• [Requirement] Please return the lines below verbatim, beginning at the one that has "Homemade DIY natural" and stopping after the one that has "A young fit", and add no other lines.

• [Provided records]

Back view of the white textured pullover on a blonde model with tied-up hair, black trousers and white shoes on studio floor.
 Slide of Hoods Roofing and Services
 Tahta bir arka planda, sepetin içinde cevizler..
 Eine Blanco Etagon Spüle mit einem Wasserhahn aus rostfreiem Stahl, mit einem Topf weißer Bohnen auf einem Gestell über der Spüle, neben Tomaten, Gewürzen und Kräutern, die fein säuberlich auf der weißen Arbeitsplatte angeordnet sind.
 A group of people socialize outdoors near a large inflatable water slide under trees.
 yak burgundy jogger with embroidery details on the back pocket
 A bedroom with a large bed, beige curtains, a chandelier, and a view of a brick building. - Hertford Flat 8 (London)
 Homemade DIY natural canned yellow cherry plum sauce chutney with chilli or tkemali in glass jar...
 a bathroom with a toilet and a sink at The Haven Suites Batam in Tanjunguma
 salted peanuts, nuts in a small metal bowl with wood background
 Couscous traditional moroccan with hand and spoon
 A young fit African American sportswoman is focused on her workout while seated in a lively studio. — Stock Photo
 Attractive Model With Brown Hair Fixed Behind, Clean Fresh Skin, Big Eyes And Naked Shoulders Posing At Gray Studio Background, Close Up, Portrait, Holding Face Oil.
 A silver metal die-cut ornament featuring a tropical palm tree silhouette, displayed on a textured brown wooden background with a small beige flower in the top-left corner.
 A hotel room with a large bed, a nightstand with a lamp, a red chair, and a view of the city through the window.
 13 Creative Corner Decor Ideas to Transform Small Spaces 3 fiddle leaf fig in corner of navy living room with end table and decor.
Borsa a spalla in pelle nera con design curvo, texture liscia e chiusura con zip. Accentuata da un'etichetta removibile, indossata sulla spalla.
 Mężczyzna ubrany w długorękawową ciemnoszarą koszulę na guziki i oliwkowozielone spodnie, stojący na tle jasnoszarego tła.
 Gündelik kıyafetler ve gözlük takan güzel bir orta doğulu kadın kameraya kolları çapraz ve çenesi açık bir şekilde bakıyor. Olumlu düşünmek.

• [Solution for this exercise]
 Homemade DIY natural canned yellow cherry plum sauce chutney with chilli or tkemali in glass jar...
 a bathroom with a toilet and a sink at The Haven Suites Batam in Tanjunguma
 salted peanuts, nuts in a small metal bowl with wood background
 Couscous traditional moroccan with hand and spoon
 A young fit African American sportswoman is focused on her workout while seated in a lively studio. — Stock Photo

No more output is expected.